Self Attention Layer Export using Torch Script

I get the below error when trying to trace the following code.

frame #0: std::function<std::string ()>::operator()() const + 0x11 (0x7f3e4b04d441 in /bigdisk2/sunil/pytorchnightly/lib/python3.6/site-packages/torch/lib/
frame #1: c10::Error::Error(c10::SourceLocation, std::string const&) + 0x2a (0x7f3e4b04cd7a in /bigdisk2/sunil/pytorchnightly/lib/python3.6/site-packages/torch/lib/

The code I am trying is this:

import torch
import torch.jit
import copy
from torch.nn import functional as F
from torch.nn import Module
from torch.nn import MultiheadAttention
from torch.nn import ModuleList
from torch.nn.init import xavier_uniform_
from torch.nn import Dropout
from torch.nn import Linear
from torch.nn import LayerNorm

class TransformerEncoderLayer(Module):
    r"""TransformerEncoderLayer is made up of self-attn and feedforward network.
    This standard encoder layer is based on the paper "Attention Is All You Need".
    Ashish Vaswani, Noam Shazeer, Niki Parmar, Jakob Uszkoreit, Llion Jones, Aidan N Gomez,
    Lukasz Kaiser, and Illia Polosukhin. 2017. Attention is all you need. In Advances in
    Neural Information Processing Systems, pages 6000-6010. Users may modify or implement
    in a different way during application.

        d_model: the number of expected features in the input (required).
        nhead: the number of heads in the multiheadattention models (required).
        dim_feedforward: the dimension of the feedforward network model (default=2048).
        dropout: the dropout value (default=0.1).

        >>> encoder_layer = nn.TransformerEncoderLayer(d_model, nhead)

    def __init__(self, d_model, nhead, dim_feedforward=2048, dropout=0.1):
        super(TransformerEncoderLayer, self).__init__()
        self.self_attn = MultiheadAttention(d_model, nhead, dropout=dropout)
        # Implementation of Feedforward model
        self.linear1 = Linear(d_model, dim_feedforward)
        self.dropout = Dropout(dropout)
        self.linear2 = Linear(dim_feedforward, d_model)
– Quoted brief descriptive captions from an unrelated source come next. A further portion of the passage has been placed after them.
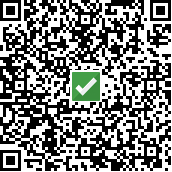 Healthcare Providers Similar to 1831420744 NPI Number | NPI Registry | www.DataLabs.Health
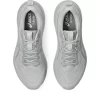 GEL-PULSE 16 GEL-PULSE 16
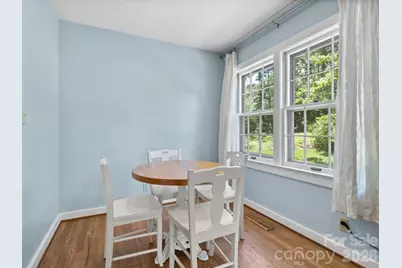 242 N Hills Drive, Hendersonville, NC 28791 - Photo 22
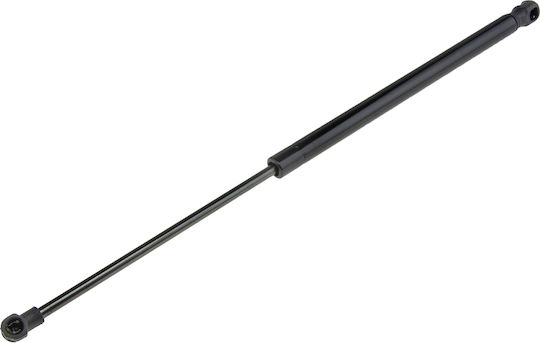 NTY Trunk Shock for Seat Arosa Volkswagen Lupo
        self.norm1 = LayerNorm(d_model)
        self.norm2 = LayerNorm(d_model)
        self.dropout1 = Dropout(dropout)
        self.dropout2 = Dropout(dropout)

    def forward(self, src, src_mask=None, src_key_padding_mask=None):
        r"""Pass the input through the endocder layer.

            src: the sequnce to the encoder layer (required).
            src_mask: the mask for the src sequence (optional).
            src_key_padding_mask: the mask for the src keys per batch (optional).

            see the docs in Transformer class.
        # src2 = self.self_attn(src, src, src, attn_mask=src_mask,
                            #   key_padding_mask=src_key_padding_mask)[0]
        # src = src + self.dropout1(src2)
        src = self.norm1(src)
        # print(src)
        # src2 = self.linear2(self.dropout(F.relu(self.linear1(src))))
        # src = src + self.dropout2(src2)
        src = self.norm2(src)
        # print(src)
        return src

layerencoder = TransformerEncoderLayer(512,1).to('cuda')
input = torch.rand(1,1,512).to('cuda')
traced_model  = torch.jit.trace(layerencoder,input)

If I remove the second layer normalization, I am able to trace. I am using PyTorch nightly build.

Thanks for the report! Can you file an issue on github and we can track it from there? cc @wanchaol

@Michael_Suo I updated my cuda_driver to 10 and things are working fine now for me. But I am getting issues with dropout layers. I will create an issue with that on weekend.

Just an update: Drop out also works fine with PyTorch1.2.